One topic that we discussed in the lectures is socially responsible research design. In this lecture, we learned about our responsibility to ourselves and to those who are following our research. I made sure I updated my stakeholders on my progress through twitter and through blog posts, as I knew I was responsible for their inclusion in my project. Additionally, I attached a link to my blog and my twitter on the Big Spreadsheet on moodle, where the rest of the BCM212 cohort could access my blog and participate in my survey. In hindsight, I feel I could have posted a few more blogs in order to update my followers more regularly.

When developing my survey and focus group questions, I referred to the Harvard Guide to survey design (2017) and Duke’s focus group guidelines (2005). In doing so, I was able to ensure that my survey questions were concise and easy to understand, focusing mainly on quantitative data. I was then able to go into further detail with my focus group questions, by discussing the epistemological aspects of my survey questions. Additionally, I employed strategies from the Lean Research Guide (2015) to ensure that my research practises were ethically sound. To answer the guide question “How are we designing the informed consent process to ensure that research subjects receive all the information that they need in a way that is understandable to them in order to decide if they wish to participate in the research or not?” (2015) I included a blurb at the beginning of my survey, which briefly described my project and thanked stakeholders for their participation. There was a similar description at the beginning of my focus group.

When conducting my survey, I was unable to gain enough participants in order to collect sufficient data, although I tweeted the link to my survey several times. This issue was later combated in class, when my tutor assisted me in getting my classmates to complete the survey.

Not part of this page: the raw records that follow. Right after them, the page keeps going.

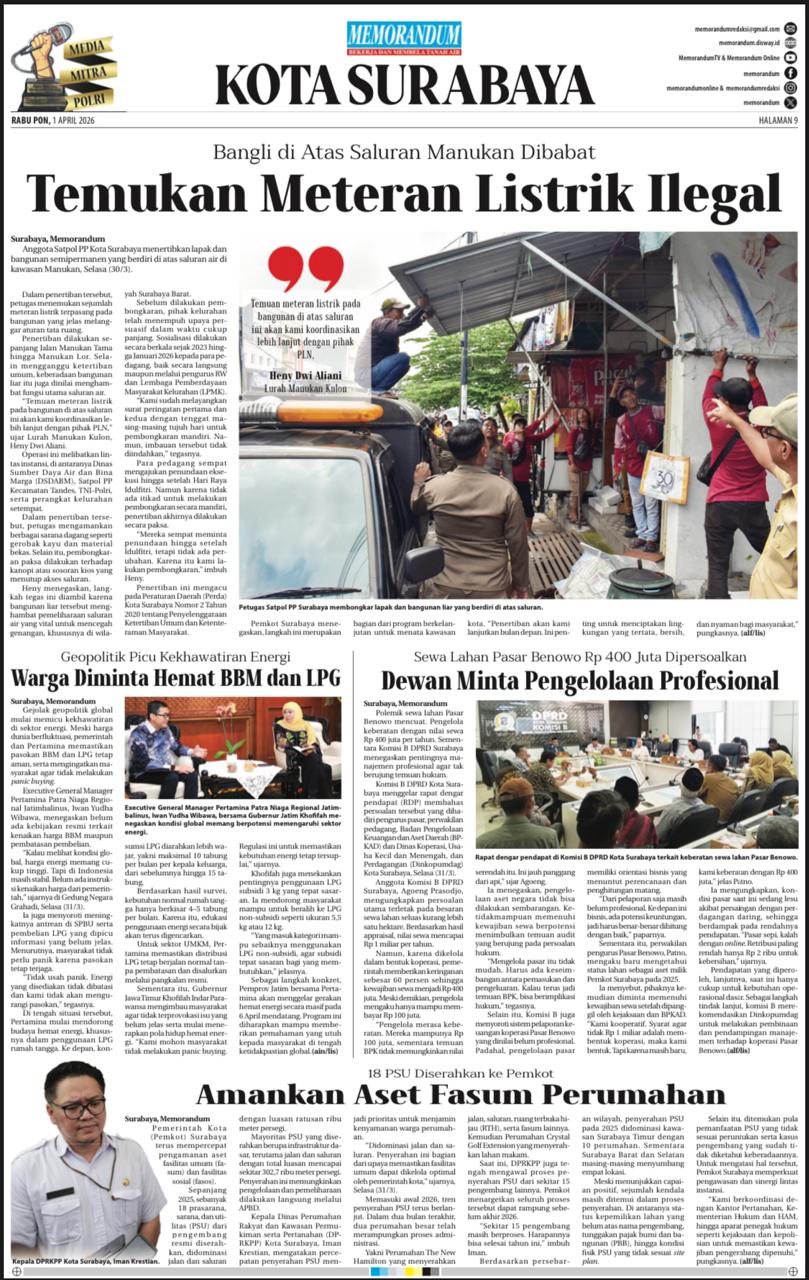 Memorandum Edisi 1 April 2026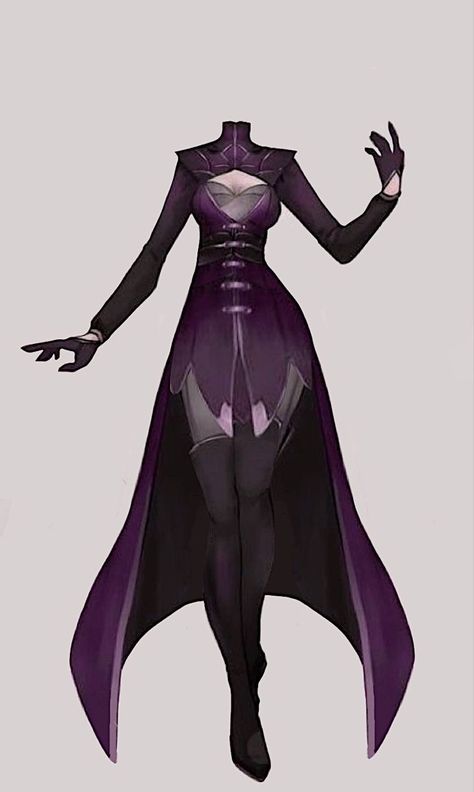 Anime Villain Outfits, Villain Outfit Ideas, Gaun Abad Pertengahan, Superhero Suits, Villain Outfits, Villain Costumes, Female Villains, Female Drawing, Super Hero Outfits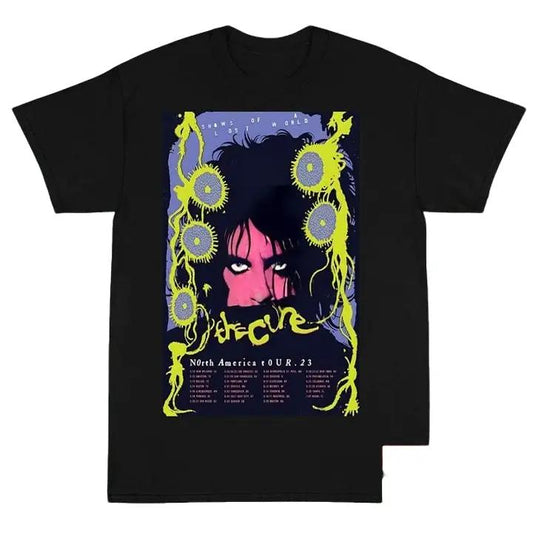 The Cure Shirt Shows Of A Lost World Tour 2023 Unisex T-shirt Fullsizes Cotton Fabric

The lecture topic I feel I related to the most was flexibility. This is when we discussed how to maintain a good schedule and manage our time to complete our project on time and effectively. Additionally, we discussed risk management strategies and what we would do if our project did not go to plan. Xavier Amatriain’s discussion of managing research in an agile way (2011) goes into detail about planning your project.

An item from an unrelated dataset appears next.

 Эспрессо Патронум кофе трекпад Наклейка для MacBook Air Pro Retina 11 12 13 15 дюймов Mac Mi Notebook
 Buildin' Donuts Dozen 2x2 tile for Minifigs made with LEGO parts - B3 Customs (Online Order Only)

I did not run into any significant problems when conducting my research and I did not often find myself completing a significant amount of work within a limited time frame. I was able to stay on time and prioritise my tasks based on importance and what need to be completed in order to move on to the next task. However, I believe I could have organised my time better by creating a schedule that would allow for testing my project, as Amatriain suggests. This would have improved my ability to create an effective survey and thus develop focus group questions that would allow be to better answer my initial research question.

This entire process gave me the essential tools to conduct research in an operative manner. Going through the steps to complete each task on time has helped me to value the importance of planning and managing your time.

All-in-all, this has been a significant learning experience for me, and I believe that the knowledge I have gained – both through experience and retrospection – will assist me in my future endeavours.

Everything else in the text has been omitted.